==== Supplied records

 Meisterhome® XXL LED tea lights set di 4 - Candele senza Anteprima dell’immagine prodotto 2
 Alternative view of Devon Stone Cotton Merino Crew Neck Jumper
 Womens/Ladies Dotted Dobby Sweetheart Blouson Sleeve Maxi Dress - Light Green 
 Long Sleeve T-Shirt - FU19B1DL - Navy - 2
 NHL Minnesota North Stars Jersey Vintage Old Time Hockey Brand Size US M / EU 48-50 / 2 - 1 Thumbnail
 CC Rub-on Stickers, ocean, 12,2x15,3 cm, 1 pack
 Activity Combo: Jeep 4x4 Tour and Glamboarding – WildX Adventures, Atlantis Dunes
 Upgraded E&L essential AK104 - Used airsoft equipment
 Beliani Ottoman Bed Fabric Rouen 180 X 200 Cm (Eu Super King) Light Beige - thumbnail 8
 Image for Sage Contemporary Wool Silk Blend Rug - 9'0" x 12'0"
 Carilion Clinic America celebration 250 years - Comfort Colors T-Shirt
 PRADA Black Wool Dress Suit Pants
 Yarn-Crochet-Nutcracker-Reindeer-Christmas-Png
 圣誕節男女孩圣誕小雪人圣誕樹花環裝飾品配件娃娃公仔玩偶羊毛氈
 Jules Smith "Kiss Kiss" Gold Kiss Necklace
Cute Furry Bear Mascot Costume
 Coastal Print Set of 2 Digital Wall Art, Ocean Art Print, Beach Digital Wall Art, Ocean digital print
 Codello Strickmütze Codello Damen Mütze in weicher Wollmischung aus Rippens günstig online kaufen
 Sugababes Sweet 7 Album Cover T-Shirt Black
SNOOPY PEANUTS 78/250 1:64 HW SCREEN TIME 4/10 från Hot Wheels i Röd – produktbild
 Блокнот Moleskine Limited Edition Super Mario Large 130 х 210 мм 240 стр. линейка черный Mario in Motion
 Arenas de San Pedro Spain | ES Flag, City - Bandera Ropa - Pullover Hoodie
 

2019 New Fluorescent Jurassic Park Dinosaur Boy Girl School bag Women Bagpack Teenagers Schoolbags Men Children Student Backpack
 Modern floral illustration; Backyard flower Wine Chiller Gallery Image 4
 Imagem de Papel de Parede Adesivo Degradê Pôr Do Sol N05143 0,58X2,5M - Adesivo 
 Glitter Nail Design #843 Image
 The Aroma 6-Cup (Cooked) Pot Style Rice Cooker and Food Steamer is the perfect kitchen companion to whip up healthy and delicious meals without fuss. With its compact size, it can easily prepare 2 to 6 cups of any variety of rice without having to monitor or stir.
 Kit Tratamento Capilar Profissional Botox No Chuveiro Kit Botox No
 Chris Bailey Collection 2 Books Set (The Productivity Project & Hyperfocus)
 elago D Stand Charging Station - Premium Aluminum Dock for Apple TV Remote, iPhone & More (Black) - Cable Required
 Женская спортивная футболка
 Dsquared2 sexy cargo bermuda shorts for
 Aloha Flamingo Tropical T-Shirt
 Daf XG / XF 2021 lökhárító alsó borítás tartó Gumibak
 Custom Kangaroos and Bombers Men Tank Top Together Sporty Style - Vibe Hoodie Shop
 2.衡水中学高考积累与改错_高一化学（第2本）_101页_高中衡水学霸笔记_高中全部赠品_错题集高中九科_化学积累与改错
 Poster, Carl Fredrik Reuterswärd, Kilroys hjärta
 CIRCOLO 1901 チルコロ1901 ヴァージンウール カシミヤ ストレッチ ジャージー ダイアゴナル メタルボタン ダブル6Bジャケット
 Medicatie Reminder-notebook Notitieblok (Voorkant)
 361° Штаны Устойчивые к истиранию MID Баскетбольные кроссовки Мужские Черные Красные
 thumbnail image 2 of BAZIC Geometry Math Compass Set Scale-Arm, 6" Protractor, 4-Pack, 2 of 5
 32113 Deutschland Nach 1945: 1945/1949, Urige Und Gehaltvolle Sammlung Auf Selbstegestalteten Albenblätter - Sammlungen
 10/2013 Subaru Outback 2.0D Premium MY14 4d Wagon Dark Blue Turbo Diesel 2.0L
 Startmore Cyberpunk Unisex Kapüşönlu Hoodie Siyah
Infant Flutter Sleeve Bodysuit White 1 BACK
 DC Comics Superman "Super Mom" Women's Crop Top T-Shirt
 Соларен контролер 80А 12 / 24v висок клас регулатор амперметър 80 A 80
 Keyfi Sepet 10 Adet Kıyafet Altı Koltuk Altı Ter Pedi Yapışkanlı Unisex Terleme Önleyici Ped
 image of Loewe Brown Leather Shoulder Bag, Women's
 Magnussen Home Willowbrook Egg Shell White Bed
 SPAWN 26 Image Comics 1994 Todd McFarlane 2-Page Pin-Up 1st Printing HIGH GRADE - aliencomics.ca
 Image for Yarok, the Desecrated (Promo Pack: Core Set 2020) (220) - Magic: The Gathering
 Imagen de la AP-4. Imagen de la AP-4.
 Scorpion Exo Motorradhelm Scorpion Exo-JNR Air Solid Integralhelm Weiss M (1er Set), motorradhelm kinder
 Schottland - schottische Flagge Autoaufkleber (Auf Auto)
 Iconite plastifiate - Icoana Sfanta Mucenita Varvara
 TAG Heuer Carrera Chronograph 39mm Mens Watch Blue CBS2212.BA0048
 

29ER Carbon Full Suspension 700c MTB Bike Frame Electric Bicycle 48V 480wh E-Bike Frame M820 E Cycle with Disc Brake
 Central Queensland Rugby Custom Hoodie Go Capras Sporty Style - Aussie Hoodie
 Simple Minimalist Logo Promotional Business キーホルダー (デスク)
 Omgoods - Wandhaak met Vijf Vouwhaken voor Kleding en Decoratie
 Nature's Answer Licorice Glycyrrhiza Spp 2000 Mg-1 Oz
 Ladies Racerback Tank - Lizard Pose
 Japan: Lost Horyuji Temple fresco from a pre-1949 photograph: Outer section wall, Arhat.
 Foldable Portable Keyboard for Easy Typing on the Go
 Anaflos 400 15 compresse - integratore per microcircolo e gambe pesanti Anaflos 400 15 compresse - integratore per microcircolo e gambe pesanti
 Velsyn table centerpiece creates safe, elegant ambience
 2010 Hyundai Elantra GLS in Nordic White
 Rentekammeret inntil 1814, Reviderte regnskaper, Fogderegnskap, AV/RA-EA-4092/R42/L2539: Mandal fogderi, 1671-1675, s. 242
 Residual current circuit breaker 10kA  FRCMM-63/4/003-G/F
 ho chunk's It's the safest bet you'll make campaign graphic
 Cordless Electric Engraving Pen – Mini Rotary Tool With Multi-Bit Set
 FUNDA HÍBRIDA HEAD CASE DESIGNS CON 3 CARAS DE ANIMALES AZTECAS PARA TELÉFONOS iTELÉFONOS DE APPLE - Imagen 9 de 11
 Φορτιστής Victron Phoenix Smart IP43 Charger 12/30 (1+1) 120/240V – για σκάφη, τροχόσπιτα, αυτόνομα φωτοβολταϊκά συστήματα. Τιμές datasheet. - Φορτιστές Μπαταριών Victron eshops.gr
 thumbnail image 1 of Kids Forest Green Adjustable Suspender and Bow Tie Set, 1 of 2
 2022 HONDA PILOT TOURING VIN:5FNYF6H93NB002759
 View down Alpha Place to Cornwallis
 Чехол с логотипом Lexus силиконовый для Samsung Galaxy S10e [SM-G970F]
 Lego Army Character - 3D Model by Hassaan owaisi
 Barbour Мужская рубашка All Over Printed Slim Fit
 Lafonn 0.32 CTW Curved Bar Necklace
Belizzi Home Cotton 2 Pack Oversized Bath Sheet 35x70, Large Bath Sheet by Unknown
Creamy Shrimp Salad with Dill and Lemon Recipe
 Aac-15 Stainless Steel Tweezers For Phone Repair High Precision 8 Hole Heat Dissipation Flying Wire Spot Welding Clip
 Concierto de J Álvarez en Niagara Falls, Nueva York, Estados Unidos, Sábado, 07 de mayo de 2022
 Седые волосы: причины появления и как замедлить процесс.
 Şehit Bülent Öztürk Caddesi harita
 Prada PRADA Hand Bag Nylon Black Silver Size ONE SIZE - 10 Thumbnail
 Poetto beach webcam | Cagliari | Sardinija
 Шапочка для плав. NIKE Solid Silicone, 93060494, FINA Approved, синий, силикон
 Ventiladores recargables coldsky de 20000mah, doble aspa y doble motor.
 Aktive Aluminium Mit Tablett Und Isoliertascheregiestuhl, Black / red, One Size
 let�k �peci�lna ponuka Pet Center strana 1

========

Task description | The string "Custom" may appear on lines of the data above; give the number of those lines and nothing more.

Solution for this problem | 2